(Crawled caption data)
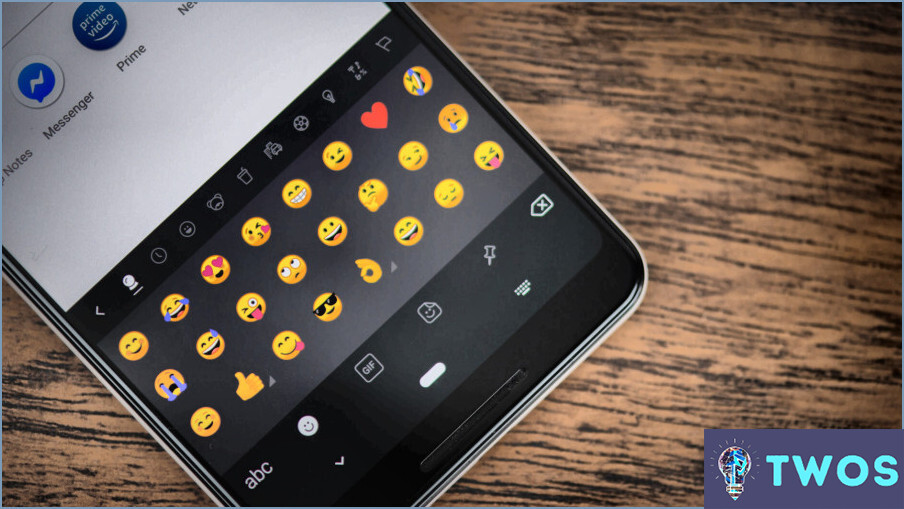 Cómo obtener emoji en Instagram para Android?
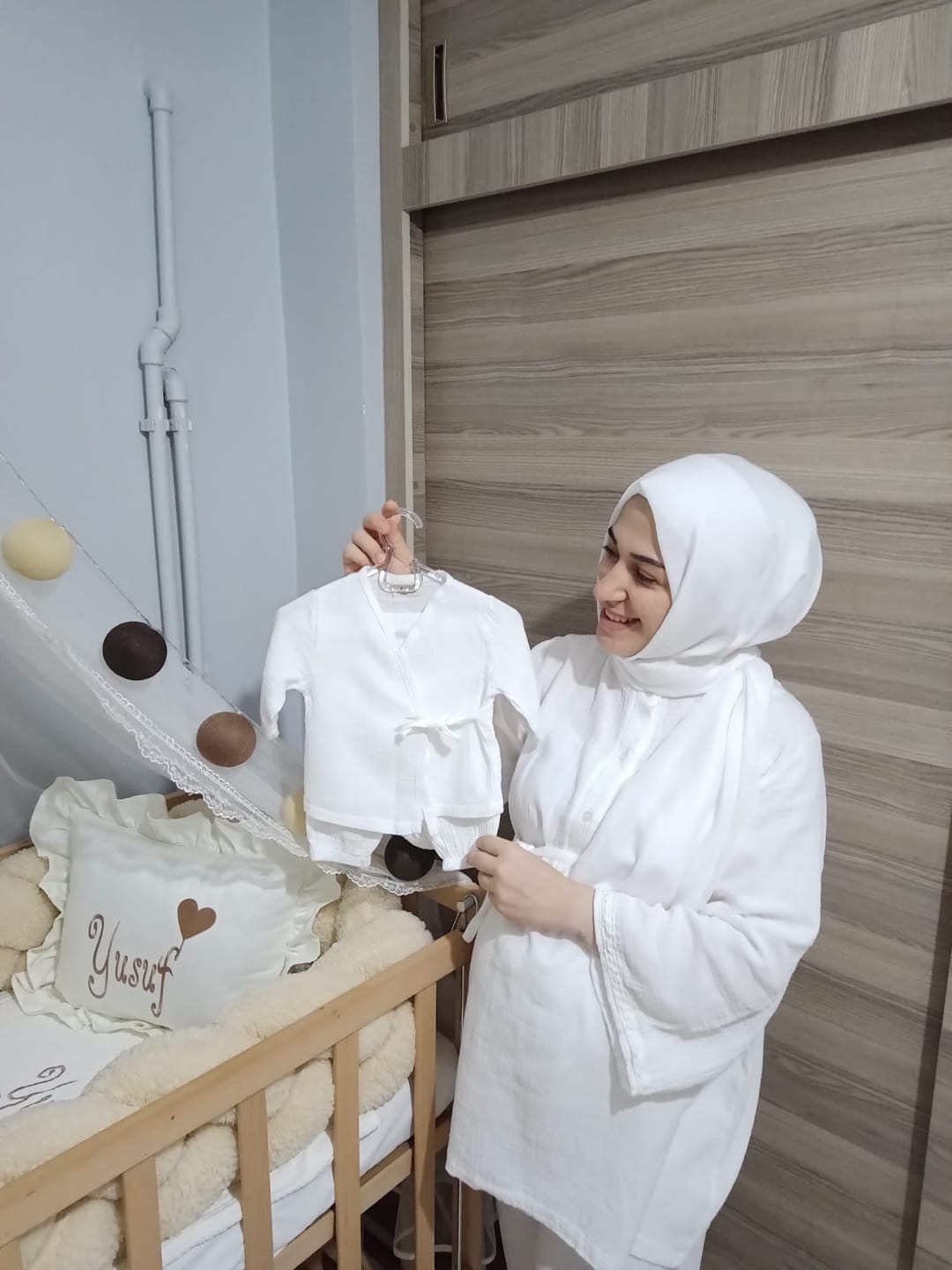 Customer photo review of Bej Anne Şal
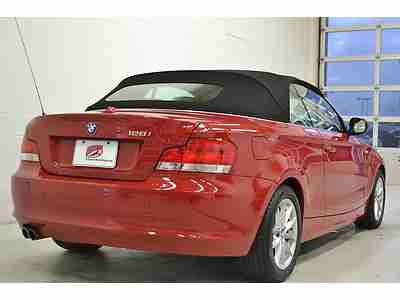 10 BMW 128i CONVERTIBLE HEATED SEATS 27K FINANCING CLEAN WARRANTY POWER SEATS, image 6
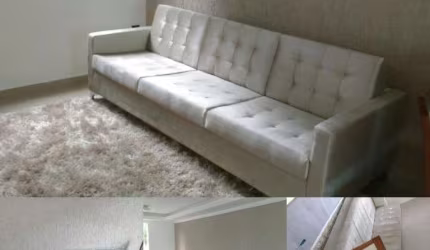 apartamento grande 2 dormitórios,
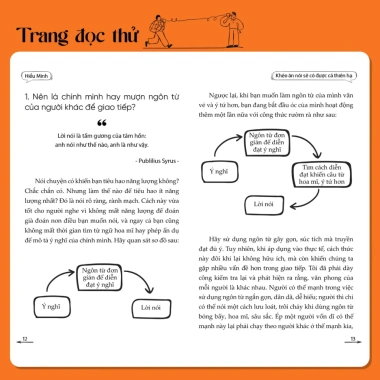 Sách Đắc Nhân Tâm + Khéo Ăn Nói Sẽ Có Được Cả Thiên Hạ - 109.000 VND - Tiên Phong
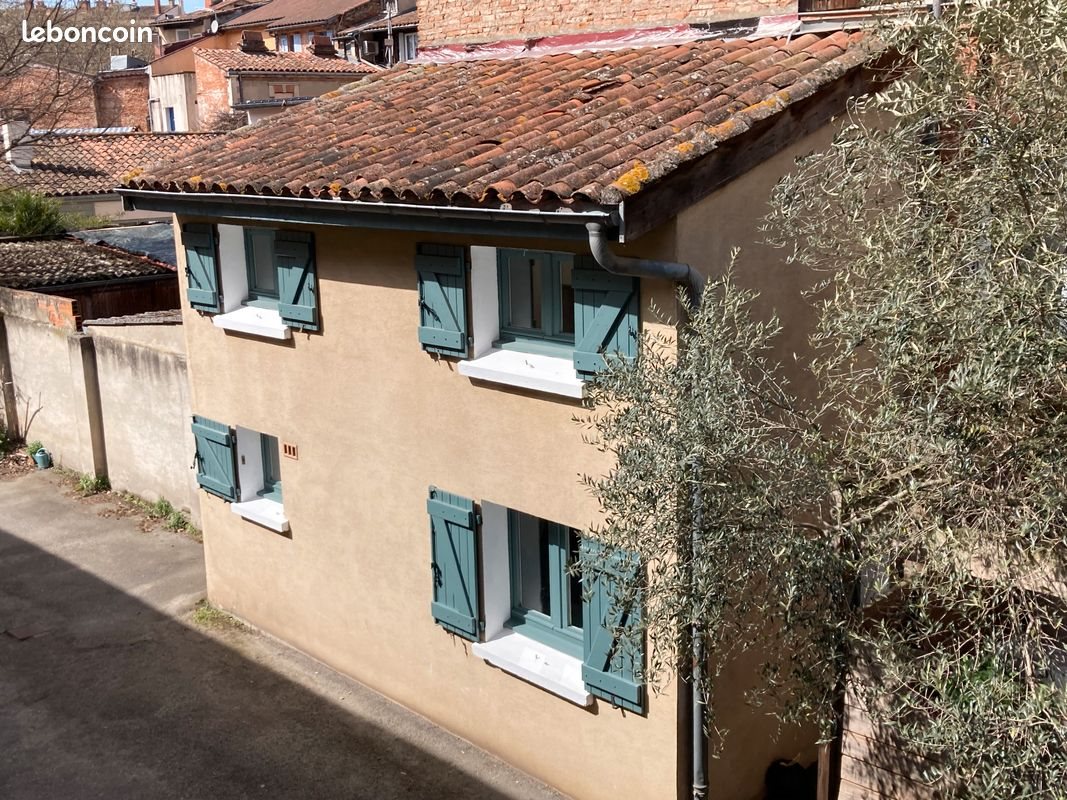 Appartement à louer, 28m², Toulouse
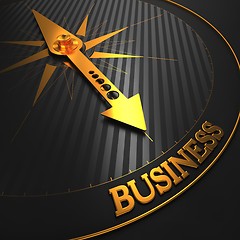 Image showing Business Background.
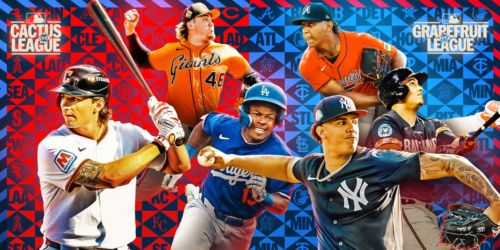 The prospects with the most interesting Statcast data this spring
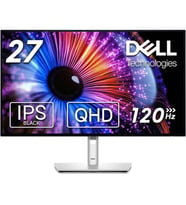 DELL 27 IPS ULTRASHARP U2724DE 5MS 120HZ HDMI-DP THUNDERBOLT KURUMSAL MONİTÖR 2560X1440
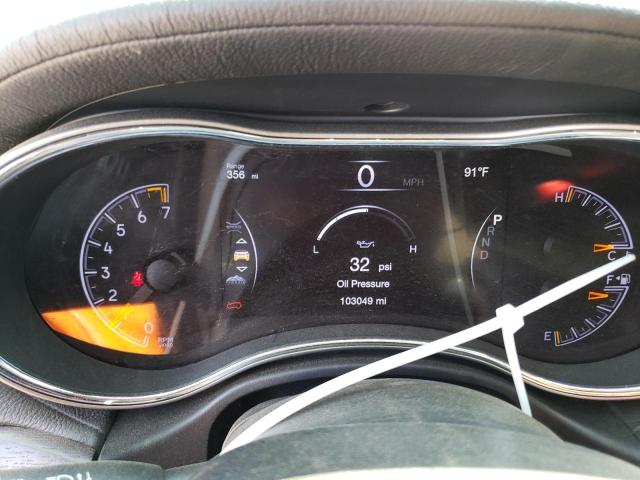 1C4RJFJG1HC809908 - 2017 JEEP GRAND CHER SUMMIT Grafit foto 9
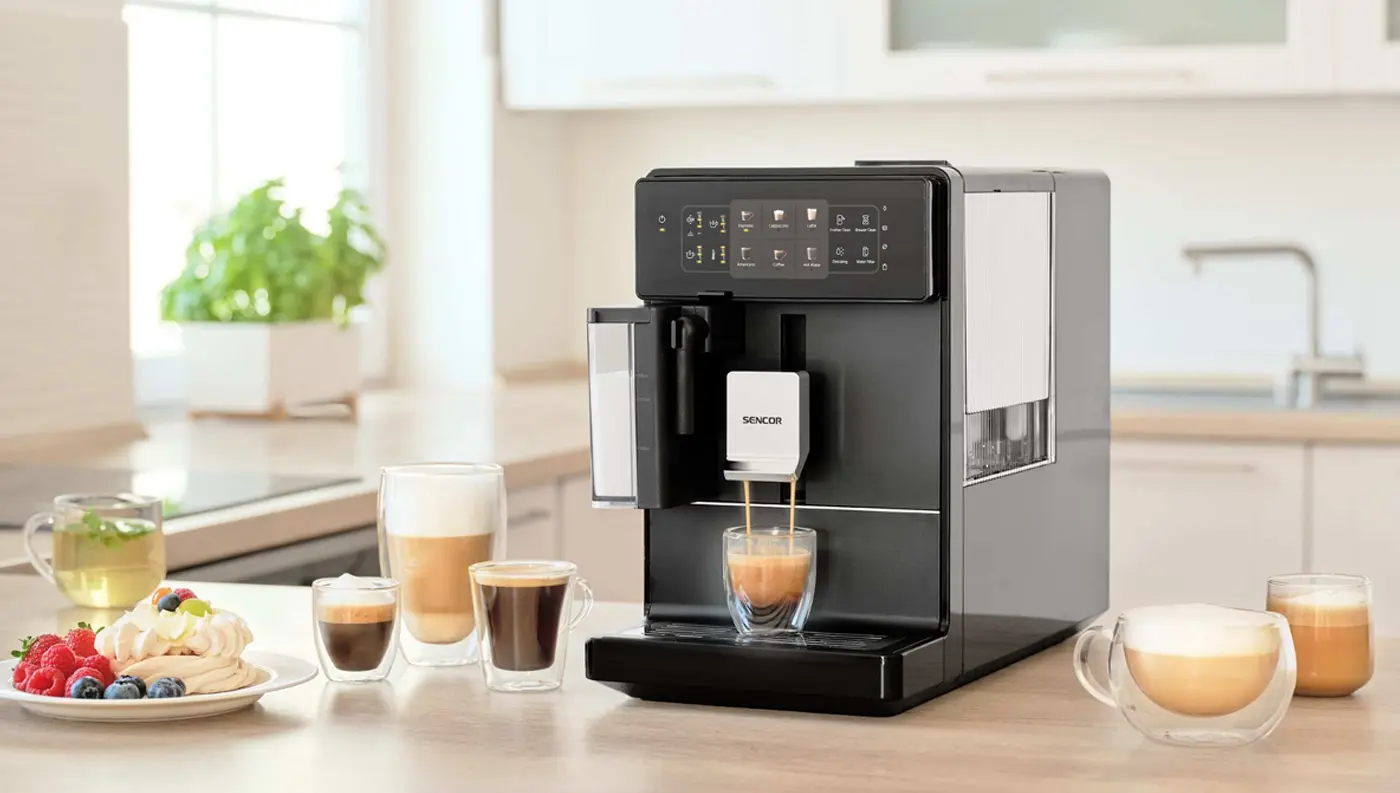 Sencor SES 9300BK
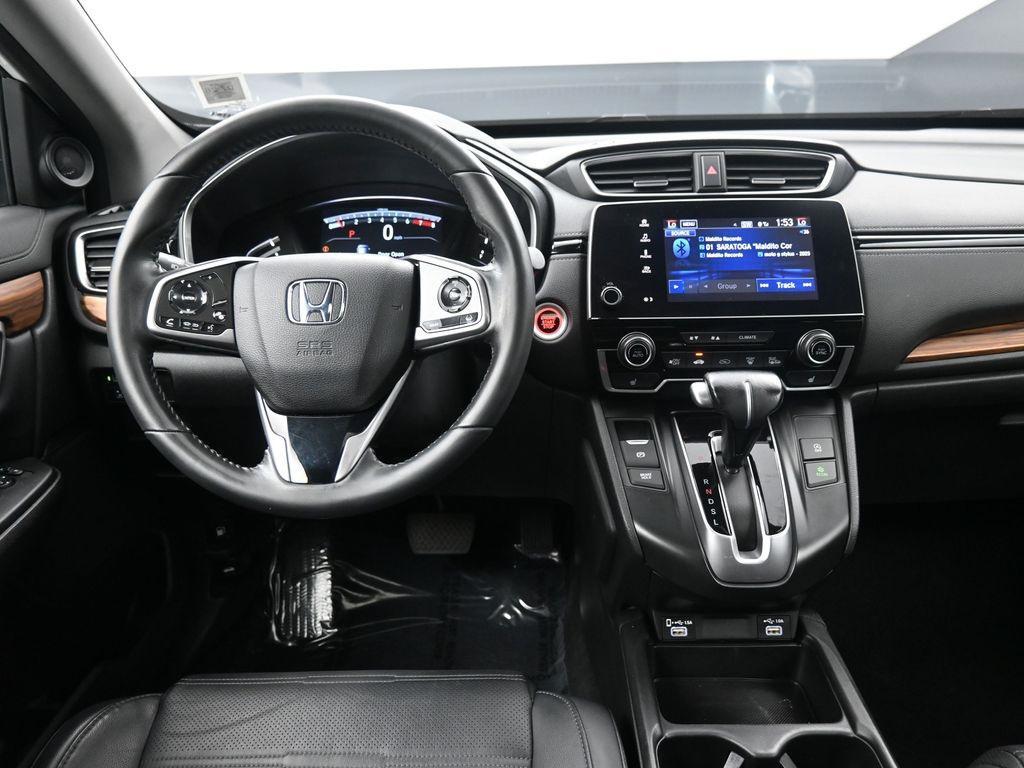 used 2022 Honda CR-V car, priced at $28,000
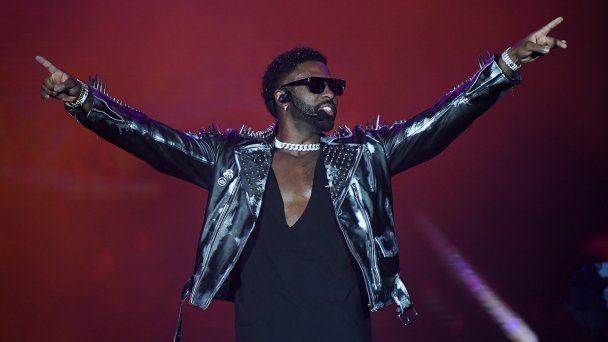 Певец Джейсон Деруло (Фото Getty Images)
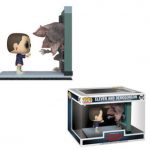 stranger things eleven and demogorgon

**What is needed**
Start with the line that holds "apartamento grande 2" and retype each line through the last one in the data, exactly and without pictures.

**Output for this task**
 apartamento grande 2 dormitórios,
 Sách Đắc Nhân Tâm + Khéo Ăn Nói Sẽ Có Được Cả Thiên Hạ - 109.000 VND - Tiên Phong
 Appartement à louer, 28m², Toulouse
 Image showing Business Background.
 The prospects with the most interesting Statcast data this spring
 DELL 27 IPS ULTRASHARP U2724DE 5MS 120HZ HDMI-DP THUNDERBOLT KURUMSAL MONİTÖR 2560X1440
 1C4RJFJG1HC809908 - 2017 JEEP GRAND CHER SUMMIT Grafit foto 9
 Sencor SES 9300BK
 used 2022 Honda CR-V car, priced at $28,000
 Певец Джейсон Деруло (Фото Getty Images)
 stranger things eleven and demogorgon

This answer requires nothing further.